Burnout felt those words like a blow, but still a smile came to his lips as his hands dipped into the cloth at his waist.
"What I have to say can wait. First, it's what I have to show you." Burnout held the Heart out toward the old man, the sunlight catching the perfection of its creation, sending out a dazzling wash of golden light that made the sun seem pale.
Under the sparkle of the Heart's light, the old man sank to his knees. "Oh, my son. I fear for you, for you hold the beginning, or possibly the end, of the world in your hands."
15
Ryan sank into the bottom of his seat as the Phoenix II LAV accelerated into the air. The wind had little effect on the heavy vehicle, and the ride was solid, if a little jerky as Dhin tried to keep them below local radar.
Dhin's voice came over the tacticom. "ETA forty-three minutes."
Ryan nodded. "Copy," he said. "Jane, you on-line?"
"I'm in my virtual steel box and ready to integrate everybody's feed," came her digital voice.
"Excellent, you'll be my clairvoyance for the others. What's the situation on site?"
"Well, Quicksilver, you're not going to like this. The whole place is crawling with local law. They're still freaked over Burnout, and they've got traffic closed off from all directions. Some local shaman is doing a lot of mumbo-jumbo, but he doesn't seem to be getting anywhere. If anything, that's spooking the local cops even more. You roll in there the wrong way and things could get ugly."
Axler cut in. "Ready for plan beta, Quicksilver?"
Plan Beta was a simple diversionary tactic, which would call for Dhin setting down somewhere outside the perimeter, then both he and Jane arranging for a distraction while the primary team got in and got out.
Ryan thought about it, then laughed. "No. Dhin, fly straight in. Land on an open stretch of pavement by the depot building."

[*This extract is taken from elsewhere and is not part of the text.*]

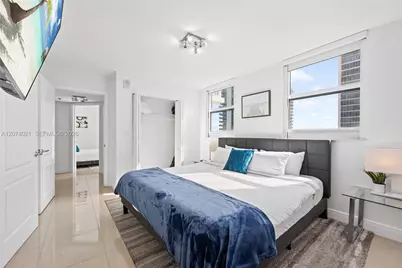 1200 Brickell Bay Dr #3701, Miami, FL 33131 - Photo 19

Axler laughed. "What, you planning on just buzzing in and pushing all the law kids around like you were Daniel Howling Coyote jumped up from the burial ground?"
Ryan nodded. "That's exactly what I plan on doing. Jane, can you get me Nadja on a private channel?"

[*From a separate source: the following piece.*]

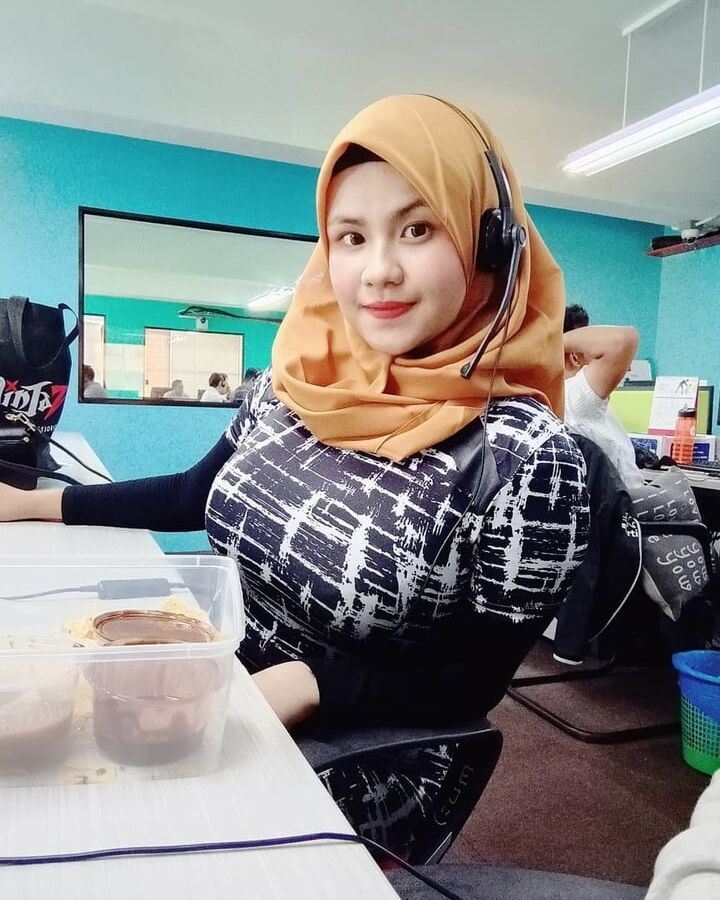 malay hijab boobs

"Sure, Quicksilver. Connecting now."
Ryan waited in silence for a moment. Then Nadja's sleepy, concerned voice filled his ears. "Ryan? Is everything all right?"
A dull, empty ache filled Ryan's chest. "Yes, everything's fine.
I need a favor."
"Name it."
"We're headed into a hot situation near Kooskia in the Salish-Shidhe Council lands. We need some big official pull, because were short on time and long on jurisdiction. I don't want some second-rate cop telling us that we can't inspect the site. Think you can help us out?"

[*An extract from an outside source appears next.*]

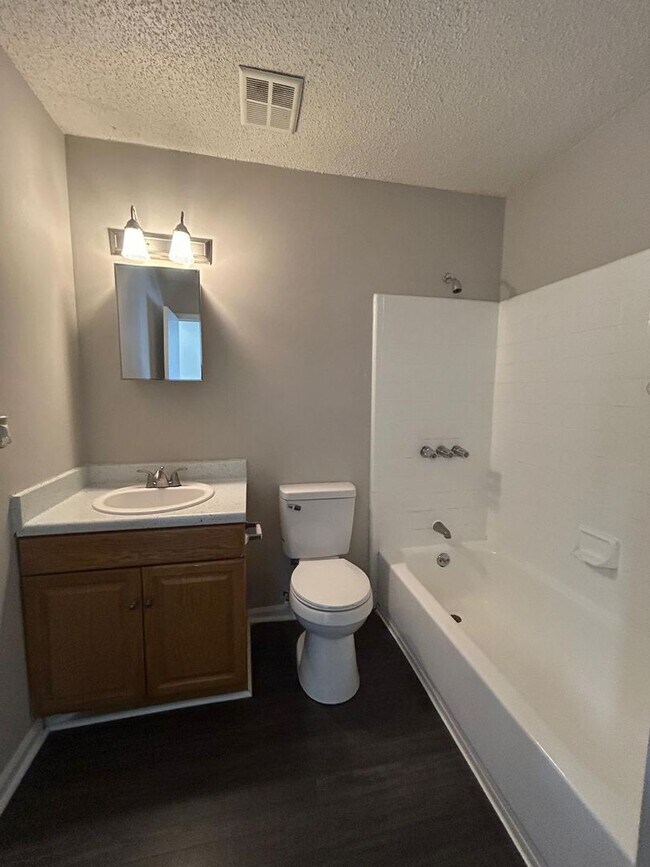 Building Photo - Modern Comfort & Convenience at Westfield Gardens Lexington  - 353F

Nadja's voice was no longer concerned, it was all business now. "What's the time frame?"
"Twenty minutes, give or take."
Nadja sighed. "The Native American Nations loved Dunkelzahn, and Salish-Shidhe is no exception. You'll have the full cooperation of their entire government."
"Thanks. It'll save us valuable time."
"You're welcome," Nadja said. "And Ryan?" The concern was back in her voice.
"Yes?"
"Do you know what you're doing?"
Ryan smiled. "I'm taking care of business as fast as I can so I can get back to you."
Nadja laughed. "Good answer."
The line went dead.
Grind's voice filled his ears. "Frag, Ryan. You have to keep teaching us the basic rules of shadowrunning?"
Miranda looked across the small cabin of the Phoenix. "What basic rule?"
Axler's voice held a note of impatience. "Use all your talents, even if some of them are legal."
The rest of the trip went quickly, and as the team checked their equipment one last time, the LAV howled into hover position and descended. With a soft thump, they were down, and Dhin cut the engines. The doors hissed open, and the team hit dirt to find themselves staring into the barrels of more than twenty assault rifles.
A big man stepped forward into the still-blowing jet wash from the Phoenix. The dark skin of his face declared his Amerind heritage, and his tusked mouth showed his ork metatype. "Name and business, or we open fire."
Ryan didn't even slow his advance. "Check with your superiors. I have clearance to take charge of this crime scene." Ryan's magically enhanced senses were at full alert, and he felt confident. "I don't need you getting in the way. Now get these guns out of my face, or I'll have your badge."